● **Source data**
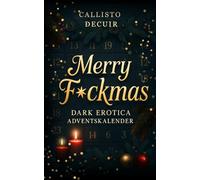 Merry F*ckmas - Dark Erotica Adventskalender: 24 extrem sündhafte Kurzgeschichten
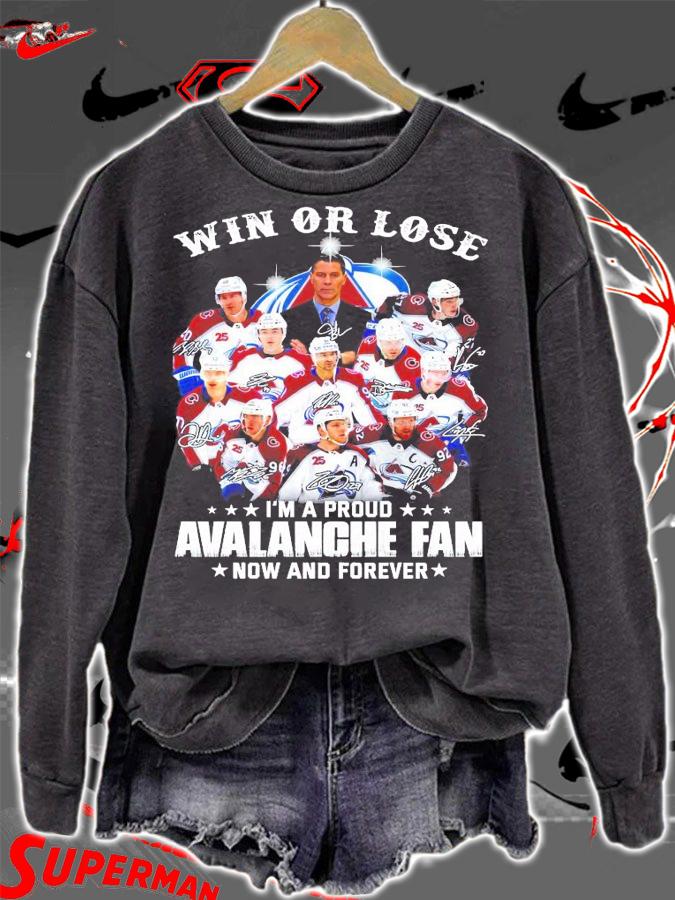 Win or lose I'm a proud Avalanche fan now and forever signature shirt sweatshirt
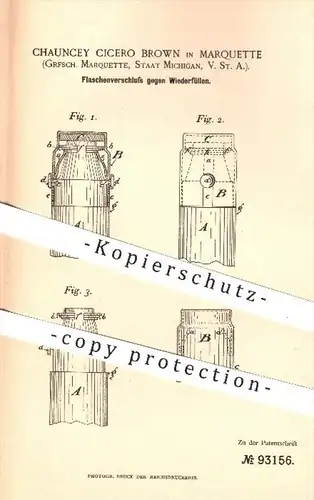 original Patent - Chauncey Cicero Brown , Marquette , Michigan , USA , 1896 , Flaschen - Verschluss gegen Wiederfüllen !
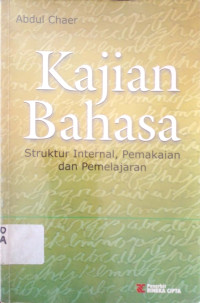 Kajian Bahasa: Struktur Internal, pemakaian dan Pembelajaran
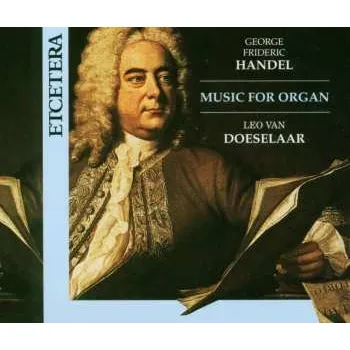 Zahraniční hudba 2CD Georg Friedrich Händel: Orgelwerke Vol.1 & 2 2014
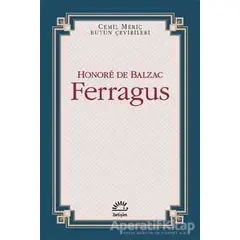 Ferragus - Honore de Balzac - İletişim Yayınevi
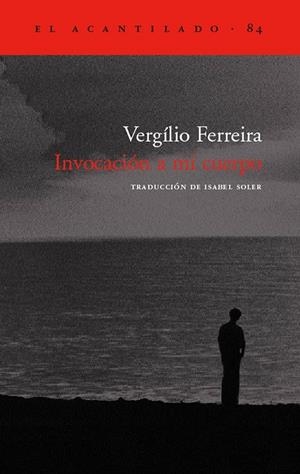 INVOCACION A MI CUERPO   AC-84 | 9788496136304 | FERREIRA, VERGILIO | Librería Castillón - Comprar libros online Aragón, Barbastro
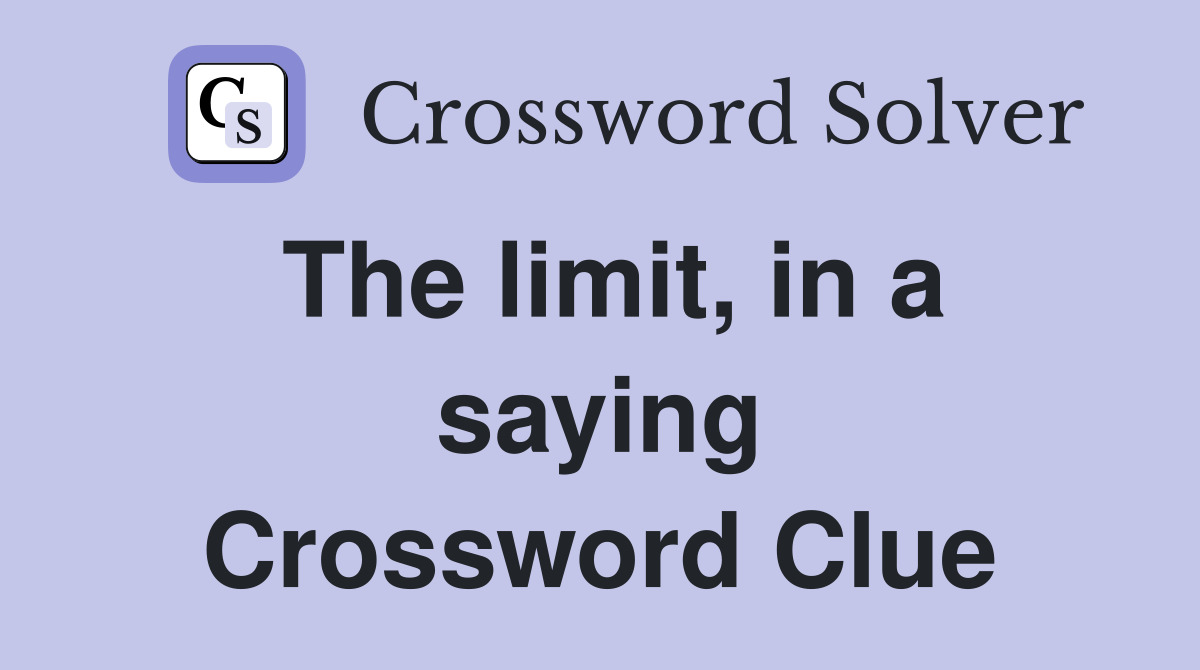 The limit, in a saying Crossword Clue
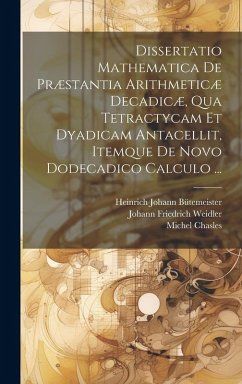 Cover Dissertatio Mathematica De Præstantia Arithmeticæ Decadicæ, Qua Tetractycam Et Dyadicam Antacellit, Itemque De Novo Dodecadico Calculo ...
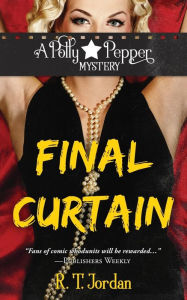 Title: Final Curtain, Author: R T Jordan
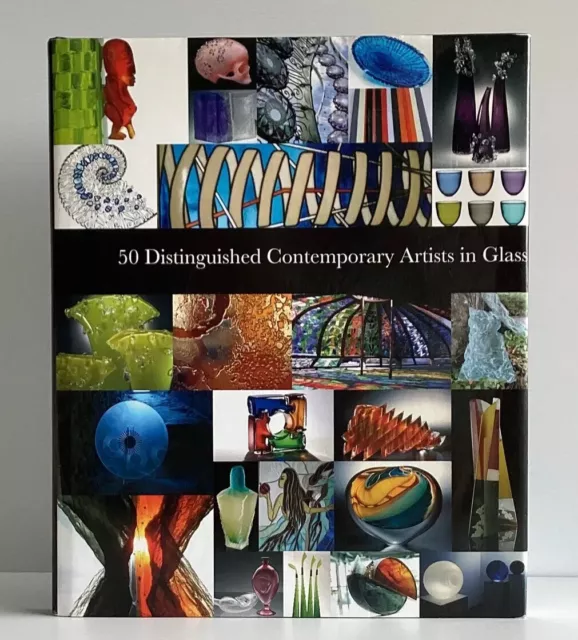 50 Distinguished Contemporary Artists in Glass (HC UK 2006) Free Postage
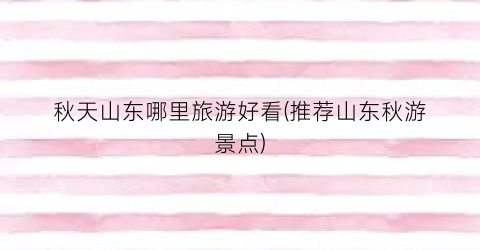 秋天山东哪里旅游好看(推荐山东秋游景点)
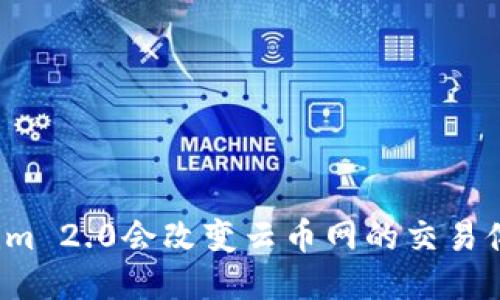 “Tokenim 2.0会改变云币网的交易体验吗？”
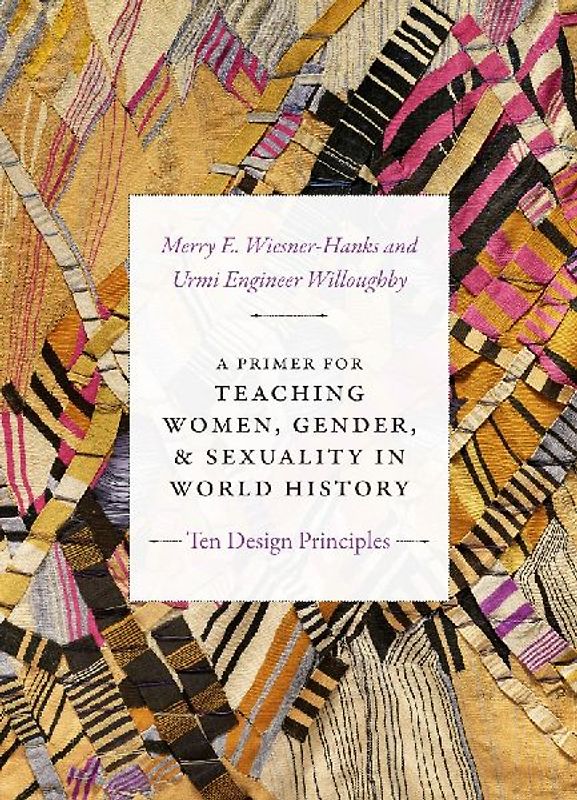 A Primer for Teaching Women, Gender, and Sexuality in World History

● **Your goal**
None of the pictures should be kept; reproduce all the remaining material exactly.

● **Answer box**
 Merry F*ckmas - Dark Erotica Adventskalender: 24 extrem sündhafte Kurzgeschichten
 Win or lose I'm a proud Avalanche fan now and forever signature shirt sweatshirt
 original Patent - Chauncey Cicero Brown , Marquette , Michigan , USA , 1896 , Flaschen - Verschluss gegen Wiederfüllen !
 Kajian Bahasa: Struktur Internal, pemakaian dan Pembelajaran
 Zahraniční hudba 2CD Georg Friedrich Händel: Orgelwerke Vol.1 & 2 2014
 Ferragus - Honore de Balzac - İletişim Yayınevi
 INVOCACION A MI CUERPO   AC-84 | 9788496136304 | FERREIRA, VERGILIO | Librería Castillón - Comprar libros online Aragón, Barbastro
 The limit, in a saying Crossword Clue
 Cover Dissertatio Mathematica De Præstantia Arithmeticæ Decadicæ, Qua Tetractycam Et Dyadicam Antacellit, Itemque De Novo Dodecadico Calculo ...
 Title: Final Curtain, Author: R T Jordan
 50 Distinguished Contemporary Artists in Glass (HC UK 2006) Free Postage
 秋天山东哪里旅游好看(推荐山东秋游景点)
 “Tokenim 2.0会改变云币网的交易体验吗？”
 A Primer for Teaching Women, Gender, and Sexuality in World History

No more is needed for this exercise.